Definitely use the methods from our follow-up work! We identify and remedy some of the problematic issues related to naively implementing Lipschitz convolution operations.
Will do! Could you clarify which problems with the naive Lipschitz convolution implementation you are talking about? As in, what's wrong with the convolution done here and what does BCOP correct?

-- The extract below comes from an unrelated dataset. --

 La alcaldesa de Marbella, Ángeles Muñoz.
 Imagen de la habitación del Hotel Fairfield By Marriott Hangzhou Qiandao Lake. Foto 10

There are a number of things that the new Lipschitz convolution operation fixes, but I think one of the important contributions is that the BCOP layer successfully parametrizes orthogonal convolutions and leads to layers that always preserve gradient norm, where the convolutions implemented here (although strictly Lipschitz) might lose gradient norm. We have some comparisons in the follow-up paper. You might also be interested in our analysis of the surprising difficulties that arise when one tries to optimize over orthogonal convolutions that we didn't know about when writing our first paper.
Awesome. Thank you!
Given an input of size (B, d), the behavior of GroupSort(d//2) and MaxMin(d//2) should be the same. However, a simple test will show that they do not produce the same results. In fact, in the code for MaxMin, the forward function simply concatenates the maxes and mins, thereby not having the interleaved max-min-max-... structure that is given in GroupSort. A bit confused because I'm expecting them to have the same behavior (with GroupSort being the correct implementation).
EDIT: Perhaps it might be okay since the output of MaxMIn is simply a permutation of the output of GroupSort for group size of 2. If a linear layer follows, this is essentially just permuting the rows of the weight matrix. Could someone confirm this?